Sorry katalynn I don't get this - your Master is ignoring you/holds back on you so then you know you've done something wrong?

I would be confused, trying to work out just what I may have done to piss him off. I'd much rather he came straight out and told me, and if I was going to be ignored for it I'd want to know how long I had to exist in the cone of silence.

I had enough of that with my ex frankly :rolleyes: A lot of the time I had no idea what I'd done to warrant Mr Grumpy's attitude. If you don't know what you've done wrong, how can you improve yourself so the infraction is not repeated? :confused:
 
I used to use this as a punishment. Then I realized it was just as much a punishment for me as it was for her so that ended that pretty quickly.
 
I would be confused, trying to work out just what I may have done to piss him off. I'd much rather he came straight out and told me, and if I was going to be ignored for it I'd want to know how long I had to exist in the cone of silence.

I had enough of that with my ex frankly :rolleyes: A lot of the time I had no idea what I'd done to warrant Mr Grumpy's attitude. If you don't know what you've done wrong, how can you improve yourself so the infraction is not repeated? :confused:

Yes absolutely to all this :rose:
 
I just don't feel that imparting the lesson that MY attention is MINE to give as I can/want/will is a bad thing, let alone abuse

I gotta say that makes sense to me.

Granted, it's a flip side of the coin, but that said, is it any different for the pyl to claim mistreatment (abuse) for being ignored? Is that abusive to the PYL?

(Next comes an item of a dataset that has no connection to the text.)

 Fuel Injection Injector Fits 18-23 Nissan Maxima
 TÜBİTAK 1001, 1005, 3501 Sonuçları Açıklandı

Sometimes this kind of "punishment" is a lot in the perception. Is it punishment if the PYL thinks it's more productive to create and enforce a cooling down period? Personally, I'd think it often wiser of a PYL who was angry to ignore until the anger had cooled rather than trying to forge ahead with a head of steam on.

'Course if the PYL says I'm gonna punish you by ignoring you, well then granted that's punishment.

And some have said they don't allow a PYL to ignore them. So who's actually running the relationship?

Some random thoughts from a brief reading of this thread.
 
Sometimes this kind of "punishment" is a lot in the perception. Is it punishment if the PYL thinks it's more productive to create and enforce a cooling down period? Personally, I'd think it often wiser of a PYL who was angry to ignore until the anger had cooled rather than trying to forge ahead with a head of steam on.

And some have said they don't allow a PYL to ignore them. So who's actually running the relationship?

Bravo on both points.
 
I gotta say that makes sense to me.

Granted, it's a flip side of the coin, but that said, is it any different for the pyl to claim mistreatment (abuse) for being ignored? Is that abusive to the PYL?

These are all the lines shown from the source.